武蔵野東学園むらさき会会報「可能性をひろげて」第51号
シリーズ 園長・校長語る
「皆さんはどちら派ですか」 高等専修学校 校長 清水信一

 日本の今の経済状況から、就職に係わる報道が連日のようになされています。完全失業率約9%、非正規雇用率約32%、無業者約63万人、新規学卒者の早期離職が高卒4割、大卒3割、氷河期を越える大卒就職内定率57.6%、卒業後に就職も進学もしない大学生15万人、高校生5万人、このような報道を聞く度に、我が子の将来を心配しない親はいないはずです。ですから、この状況下でハローワークに親子で来庁するケースが増えているとか、更には企業の入社式に親の同席が多くなった(大学等の入学式、卒業式も同様な傾向があるようです。)等のニュースが度々報道されます。子の親であれば誰もが、我が子の将来を心配することは当たり前のことであると私も全く同感です。

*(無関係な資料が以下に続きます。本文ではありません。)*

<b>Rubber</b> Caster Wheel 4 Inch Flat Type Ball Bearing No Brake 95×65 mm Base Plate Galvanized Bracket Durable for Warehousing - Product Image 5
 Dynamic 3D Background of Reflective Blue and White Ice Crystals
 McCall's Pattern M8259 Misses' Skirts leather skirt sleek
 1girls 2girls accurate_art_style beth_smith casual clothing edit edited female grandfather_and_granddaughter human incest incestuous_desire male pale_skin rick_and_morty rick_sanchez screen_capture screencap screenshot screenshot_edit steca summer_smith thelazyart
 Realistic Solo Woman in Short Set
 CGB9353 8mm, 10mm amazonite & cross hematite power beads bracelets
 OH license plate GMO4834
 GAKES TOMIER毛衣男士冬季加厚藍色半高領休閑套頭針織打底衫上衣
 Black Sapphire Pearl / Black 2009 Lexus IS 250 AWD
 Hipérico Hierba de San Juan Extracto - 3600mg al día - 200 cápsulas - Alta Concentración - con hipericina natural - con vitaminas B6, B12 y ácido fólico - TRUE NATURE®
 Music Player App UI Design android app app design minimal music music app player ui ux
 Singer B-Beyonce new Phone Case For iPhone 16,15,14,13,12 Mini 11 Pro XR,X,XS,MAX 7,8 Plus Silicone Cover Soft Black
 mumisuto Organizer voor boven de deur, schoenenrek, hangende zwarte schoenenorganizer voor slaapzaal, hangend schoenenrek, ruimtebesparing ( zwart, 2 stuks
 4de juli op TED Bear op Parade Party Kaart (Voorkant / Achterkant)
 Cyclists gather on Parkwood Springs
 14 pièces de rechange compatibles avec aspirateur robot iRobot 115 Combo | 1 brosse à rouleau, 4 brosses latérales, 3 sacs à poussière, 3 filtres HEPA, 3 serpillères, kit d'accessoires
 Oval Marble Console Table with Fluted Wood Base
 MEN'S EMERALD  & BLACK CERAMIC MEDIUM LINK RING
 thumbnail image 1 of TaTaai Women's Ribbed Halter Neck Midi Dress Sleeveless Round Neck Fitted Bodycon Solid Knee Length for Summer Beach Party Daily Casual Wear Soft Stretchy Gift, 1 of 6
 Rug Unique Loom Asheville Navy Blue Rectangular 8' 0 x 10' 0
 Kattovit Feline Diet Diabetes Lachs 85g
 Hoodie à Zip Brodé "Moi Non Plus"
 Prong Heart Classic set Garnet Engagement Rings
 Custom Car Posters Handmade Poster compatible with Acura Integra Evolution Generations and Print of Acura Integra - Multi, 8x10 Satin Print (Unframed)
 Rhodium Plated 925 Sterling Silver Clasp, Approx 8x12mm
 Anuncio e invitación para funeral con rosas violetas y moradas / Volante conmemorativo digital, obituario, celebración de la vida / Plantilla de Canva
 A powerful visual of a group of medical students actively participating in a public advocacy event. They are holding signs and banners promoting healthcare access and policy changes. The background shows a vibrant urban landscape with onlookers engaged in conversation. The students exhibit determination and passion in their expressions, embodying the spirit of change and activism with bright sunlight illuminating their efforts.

 高等専修学校の進路指導の歴史の中にこのようなことがありました、「この職場は寒いから」、「この仕事は汚いから」、「本人のスキルとかけ離れた就職先を強く希望する」等、就職する本人ではなく親御さんの基準で就職を断るケースがありました。当然、寒い、汚い仕事であってもその仕事に毎日誇りを持って従事している人もいるのです。親御さんの我が子を思う気持ちの一人歩きによって、明らかに、子どもの居場所をなくしてしまうことは大変寂しく思いました。
 昔の人は、「苦労は買ってでもしろ」と言いました。これこそが子どもの真の自立への近道ではないでしょうか。
 あるニート・引きこもり支援団体の法人代表の方が、ニートから抜け出るにはどうしたらいいのかという問いに対して、代表の方は「親力(おやりょく)」が最も重要だと言っています。親力とは「子どもをしっかりしつけ、育てて社会に出していく力。」とのことです。
 先日、偶然読みました、あるお母さんの息子さんの就職内定を喜んだ手記に、こんなことが書いてありました。(この方は、東学園の関係者ではありません。)
「※前略
この、超就職氷河期と言われる大学新卒の就職活動。アスペで小さいころからおとなしく、自己主張もできなかった息子の就職活動は、困難を極めました。
※中略
 私は、この一年不安で々たまりませんでした。でも、底のすり減った革靴を磨き、スーツにアイロンをかけて頑張る息子には、何も言わず、毎日祈るような気持ちでした。※後略」
 
 さて、皆さんは、このような状況の時に、じっと見守る派ですか、革靴を磨き、スーツにアイロンをかける派ですか。